Antonenko, P., Toy, S., & Niederhauser, D. (2012). Using cluster analysis for data mining in educational technology research. Educational Technology Research and Development, 60(3), 383-398.

Server log data from online learning environments can be analyzed to examine student behaviors, in terms of pages visited, length of time on a page, order of links clicked, and so on. This analysis is less cognitively taxing to the student than think aloud techniques and to the researcher since there is no coding of behaviors involved. Cluster analysis groups cases such that they are very similar within the cluster and dissimilar to other cases outside the cluster across target variables. It is related to factor analysis, where regression models are created based on a set of variables across cases, but in cluster analysis, cases are then grouped. Proximity indices (squared Euclidean distance or sum of the squared differences across variables) are calculated for every pair of cases. Squaring makes them all positive and accentuates the outliers. Various clustering algorithms are available to then group similar cases. Ward’s is a hierarchical clustering technique that combines cases one at a time from n clusters to 1 cluster and determines which minimizes the standard error, and is used when there is no preconceived idea about the likely number of clusters. Using k-means clustering, a non-hierarchical techniques, an empirical rationale for a predetermined number of clusters is tested. It may also be used when there is a large sample size in order to increase efficiency; if no empirical basis exists, the model is run on 3, 4, and 5 clusters. The method calculates k centroids and associates cases with the closest centroid, repeating until the standard error is minimized by allowing cases to move to a different centroid. It may also be possible to use two different kinds of techniques, for example, a Ward’s cluster analysis on a small sample followed by a k-means cluster analysis based on the findings from Ward’s. After determining the clusters, the characteristics of each cluster should be compared to ensure there is a meaningful difference among them and that there is a meaningful difference in the outcome based on their behaviors, since cluster analysis can find structures in data where none exists. ANOVA may then be used to determine for each cluster how much each variable contributes to variation in the dependent variable. It may be useful to use more than one technique and compare or average them, as different techniques may result in a variation in the results.

Bain, L.J. & Englehardt, M. (1991). Special probability distributions. In Introduction to probability and mathematical statistics (2nd Edition). Belmont, CA: Duxberry Press.

A Bernoulli trial has two discrete outcomes whose probabilities add up to 1. A series of independent Bernoulli trials forms a Binomial distribution, where the number of successes (or failures) are determined for n trials. A Hypergeometric distribution occurs when n samples are taken from a population of N+M without replacement. It can be useful for testing a batch of manufactured products for defects in order to accept or reject the batch. The Geometric Binomial distribution determines the minimum number of Bernoulli trials that must occur to achieve a success. The Negative Binomial distribution determines the minimum number of Bernoulli trials that must occur to achieve n successes. The Poisson distribution describes the probability of n independent successes occurring over a certain number of trials. The discrete uniform distribution allows for n possible values, each with equal probability of occurrence.

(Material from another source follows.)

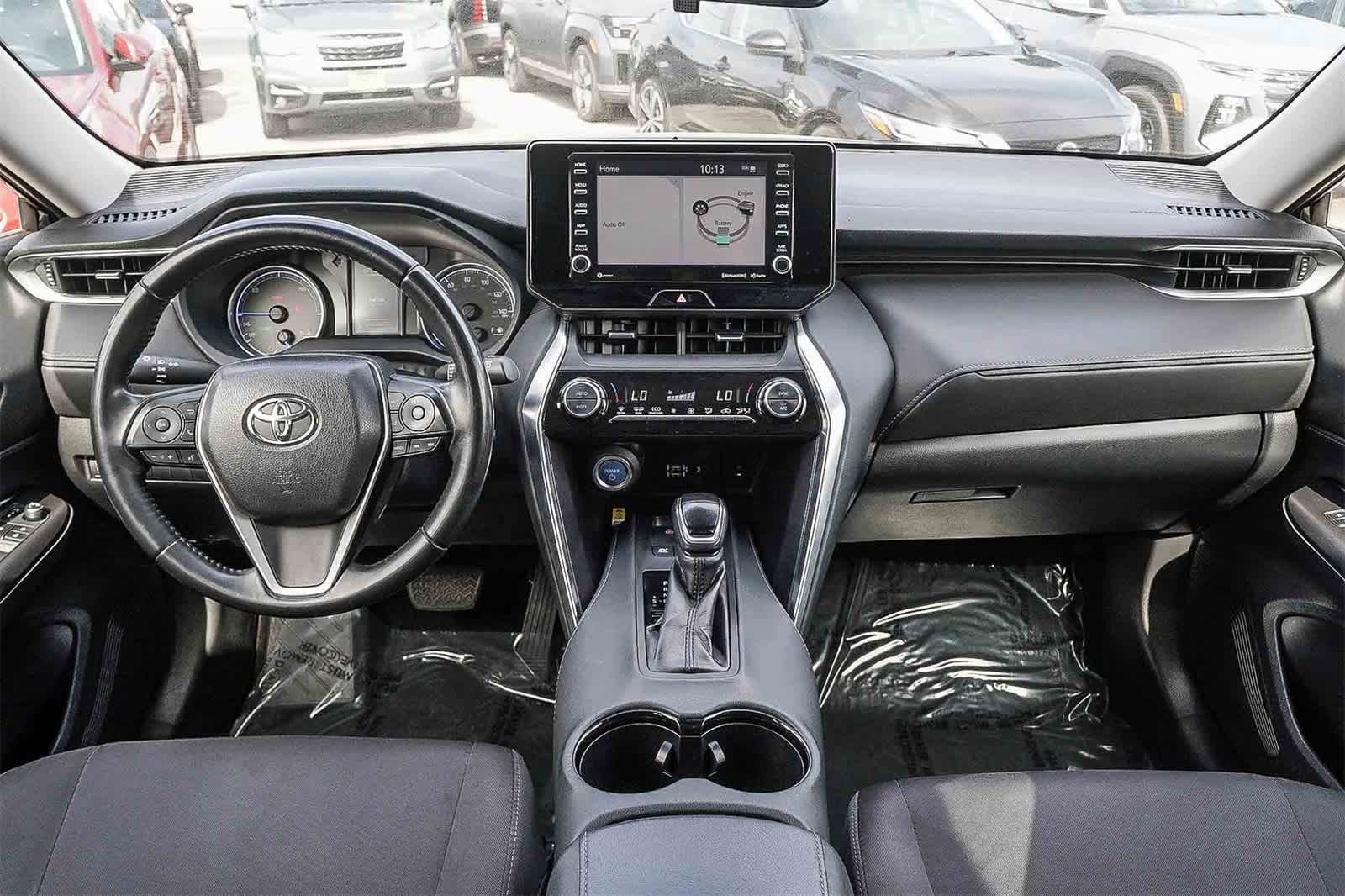 Thumbnail: 2021 Toyota Venza - 12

Blau, B.M., Brough, T.J., & Thomas, D.W. (2013). Corporate lobbying, political connections, and the bailout of banks. Unpublished manuscript, Department of Finance and Economics, Utah State University, Logan, UT.

When measuring a dependent variable with discrete values, an appropriate count regression framework must be used. Poisson, negative binomial, and OLS are possible models to use. Poisson regression uses a distribution where the mean is equal to its variance. If the distribution is over-dispersed or significantly greater than 0, Poisson will not work. No discussion of when negative binomial or OLS work.

Collins, L.M. & Lanza, S.T. (2010). Latent class and latent transition analysis for the social, behavioral, and health sciences. New York: Wiley. Latent variables are unobserved but predicted by the observation of multiple observed variables. The latent variable is presumed to cause the observed indicator variables. Different models are used, depending on whether the observed and latent variables are discrete or continuous. Using a discrete latent variable helps organize complex arrays of categorical data. A given construct may be measured using either continuous or discrete variables, so the method used when there is a choice should be based on which best helps address the research questions. When cases are placed into classes, the classes are named by the researcher based on their similar characteristics.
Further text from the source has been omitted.